Collected data:

☆ ☆ ☆ ☆ ☆

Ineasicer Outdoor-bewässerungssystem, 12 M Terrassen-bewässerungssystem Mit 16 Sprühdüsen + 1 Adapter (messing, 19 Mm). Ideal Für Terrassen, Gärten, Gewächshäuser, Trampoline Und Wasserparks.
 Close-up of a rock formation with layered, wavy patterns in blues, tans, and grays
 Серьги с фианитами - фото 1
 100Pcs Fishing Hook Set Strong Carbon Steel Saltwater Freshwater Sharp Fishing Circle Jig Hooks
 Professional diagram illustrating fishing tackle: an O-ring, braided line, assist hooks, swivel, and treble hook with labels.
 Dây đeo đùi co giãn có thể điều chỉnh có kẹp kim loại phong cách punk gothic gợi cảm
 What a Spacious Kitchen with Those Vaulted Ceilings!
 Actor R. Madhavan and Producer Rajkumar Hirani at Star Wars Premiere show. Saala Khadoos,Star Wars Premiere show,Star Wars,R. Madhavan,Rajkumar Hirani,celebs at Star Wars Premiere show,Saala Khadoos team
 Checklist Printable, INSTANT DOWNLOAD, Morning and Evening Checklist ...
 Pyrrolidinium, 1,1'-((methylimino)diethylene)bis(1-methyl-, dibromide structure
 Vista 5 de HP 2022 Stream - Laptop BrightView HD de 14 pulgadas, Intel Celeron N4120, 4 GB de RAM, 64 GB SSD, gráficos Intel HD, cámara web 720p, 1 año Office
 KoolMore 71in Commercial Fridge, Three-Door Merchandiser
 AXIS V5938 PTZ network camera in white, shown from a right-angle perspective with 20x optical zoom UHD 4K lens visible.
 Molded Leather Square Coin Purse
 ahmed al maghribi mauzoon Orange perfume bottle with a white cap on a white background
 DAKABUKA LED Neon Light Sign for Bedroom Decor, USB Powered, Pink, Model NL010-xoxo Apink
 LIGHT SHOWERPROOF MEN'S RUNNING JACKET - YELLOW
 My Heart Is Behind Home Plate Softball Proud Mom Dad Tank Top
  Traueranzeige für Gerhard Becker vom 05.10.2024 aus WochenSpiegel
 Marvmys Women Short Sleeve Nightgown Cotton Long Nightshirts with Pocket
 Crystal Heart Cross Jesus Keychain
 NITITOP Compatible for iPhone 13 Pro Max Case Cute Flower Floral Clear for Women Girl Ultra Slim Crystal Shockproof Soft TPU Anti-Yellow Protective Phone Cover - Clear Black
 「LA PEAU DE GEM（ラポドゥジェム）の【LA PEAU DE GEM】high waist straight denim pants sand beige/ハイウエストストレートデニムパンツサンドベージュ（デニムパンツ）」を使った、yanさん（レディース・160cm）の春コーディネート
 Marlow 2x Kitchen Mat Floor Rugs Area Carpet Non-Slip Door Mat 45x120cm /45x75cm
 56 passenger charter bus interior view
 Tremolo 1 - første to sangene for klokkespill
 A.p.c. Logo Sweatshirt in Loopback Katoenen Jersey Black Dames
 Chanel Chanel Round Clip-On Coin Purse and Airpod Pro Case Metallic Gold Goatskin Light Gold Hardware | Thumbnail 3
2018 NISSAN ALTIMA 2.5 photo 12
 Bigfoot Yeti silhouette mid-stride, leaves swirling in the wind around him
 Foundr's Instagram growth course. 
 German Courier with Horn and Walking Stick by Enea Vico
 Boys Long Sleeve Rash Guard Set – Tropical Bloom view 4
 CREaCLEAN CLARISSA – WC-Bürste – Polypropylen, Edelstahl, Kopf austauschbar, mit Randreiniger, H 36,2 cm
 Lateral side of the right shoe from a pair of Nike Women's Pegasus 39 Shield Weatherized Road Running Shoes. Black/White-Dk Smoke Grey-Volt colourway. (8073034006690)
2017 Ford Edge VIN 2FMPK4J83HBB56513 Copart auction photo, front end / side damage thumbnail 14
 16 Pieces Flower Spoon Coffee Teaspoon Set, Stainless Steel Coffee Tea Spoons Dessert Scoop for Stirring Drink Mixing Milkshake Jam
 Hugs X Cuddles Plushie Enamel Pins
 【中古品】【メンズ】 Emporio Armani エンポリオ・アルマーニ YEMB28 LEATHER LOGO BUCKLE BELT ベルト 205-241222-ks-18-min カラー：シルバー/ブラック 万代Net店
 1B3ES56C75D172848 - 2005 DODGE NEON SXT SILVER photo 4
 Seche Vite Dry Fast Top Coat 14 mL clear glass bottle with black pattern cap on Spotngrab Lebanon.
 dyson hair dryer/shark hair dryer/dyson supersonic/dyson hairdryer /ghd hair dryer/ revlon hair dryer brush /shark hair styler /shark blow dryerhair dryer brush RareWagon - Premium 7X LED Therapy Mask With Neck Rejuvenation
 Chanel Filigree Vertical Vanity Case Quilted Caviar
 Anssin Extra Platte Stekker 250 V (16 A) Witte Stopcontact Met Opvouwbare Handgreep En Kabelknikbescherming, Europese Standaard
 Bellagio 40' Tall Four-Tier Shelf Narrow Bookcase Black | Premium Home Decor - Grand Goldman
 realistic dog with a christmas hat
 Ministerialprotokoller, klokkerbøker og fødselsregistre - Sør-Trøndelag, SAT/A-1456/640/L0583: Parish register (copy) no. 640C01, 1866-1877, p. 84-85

☆ ☆ ☆ ☆ ☆

» Exercise
From the data above, work out how many lines hold "bottle". Answer with the number alone.

» Response box
2